Contra a servidão do espírito: sobre política, ética e educação, por Nadja Hermann
(Escher, Relatividade, 1953)
É preciso romper com nossa histórica incapacidade em perceber que anos de contínuo descuido com a educação teriam profundas consequências sociais
A política e a ética, enquanto importantes experiências da vida humana, foram e continuam sendo iluminadas por potentes conceitos de muitos pensadores. A clássica definição aristotélica do homem como animal racional e político teve tal força que o mundo ainda não conseguiu exorcizá-la. Ela evidencia a relação entre logos e polis (entre racional e político), pois o logos habilita o homem a diferenciar o útil do prejudicial e também o justo do injusto (Política I,1253 a10). Pensar e falar sobre essa diferença só é possível na polis, com os outros. Nesse processo nos humanizamos e nos tornamos sensíveis para perceber aquilo que violenta o ethos e assim preservamos a vida.
Uma força dessa natureza se expressou nos movimentos das ruas do Brasil, desde 2013, mostrando uma vontade que reivindica, que protesta. A ordem social violada pelas persistentes denúncias de corrupção, de violência política e ética foi levada ao espaço público. A educação entra nesse cenário porque é ela quem forja a formação da vontade política e ética. Responsabilizar e punir os políticos e todos os envolvidos na corrupção faz parte da uma ordem institucional e moral. Mas não basta. É preciso de cidadãos vigilantes para denunciar o imediatismo do cálculo político e as tentativas frequentes de tirar vantagem em tudo, seja na vida pública ou privada. Além dos prejuízos concretos, isso corrói nossa compreensão moral e nossa capacidade de julgar, porque fragiliza os costumes e esgarça o tecido social. É a educação que prepara os homens para a capacidade racional de distinguir o justo do injusto.
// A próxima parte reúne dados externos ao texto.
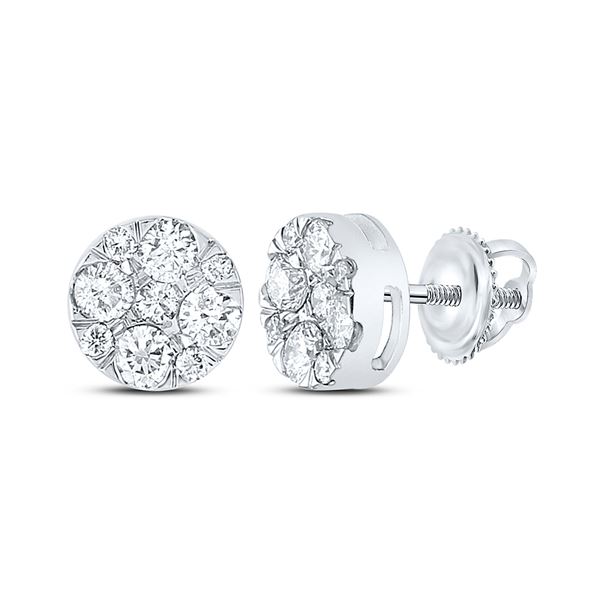 Diamond Flower Cluster Earrings 1 Cttw 14kt White Gold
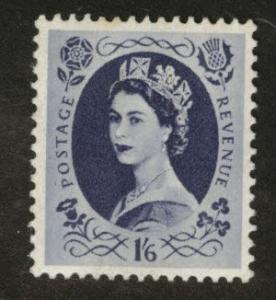 Great Britain Scott 308 MH* 1953 1sh6p stamp CV$16 toned tip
Ela permaneceu, na maioria das vezes, obscurecida pela confusão entre obter conhecimento e formar o homem, obliterada por uma miopia que esvaneceu as diferenças entre treinamento de habilidades e formação do eu. É preciso romper com nossa histórica incapacidade em perceber que anos de contínuo descuido com a educação e de lesões na infraestrutura normativa teriam profundas consequências sociais.
O vínculo entre política, ética e educação depende de um longo processo formativo, não evidente de modo imediato; ao contrário, depende de uma multiplicidade de mediações, de experiências, pelas quais cada um de nós afasta-se de si e de seus interesses para se apropriar do mundo e de seus ordenamentos simbólicos. Com esse movimento pode-se reconhecer a verdadeira grandeza das produções culturais e da ética que abrem um novo horizonte e, com isso, enriquecem a própria interioridade. Ou seja, há uma socialização e uma autocriação, que permitem inclusive a revolta contra todo esse processo. A formação é uma abertura para o reconhecimento da alteridade, fazendo com que sejamos capazes de dar sentido àquilo que é exterior a nós, o que significa compreender o outro e compartilhar simbolizações, lealdades e expectativas comuns. É um antídoto à intolerância e à violência.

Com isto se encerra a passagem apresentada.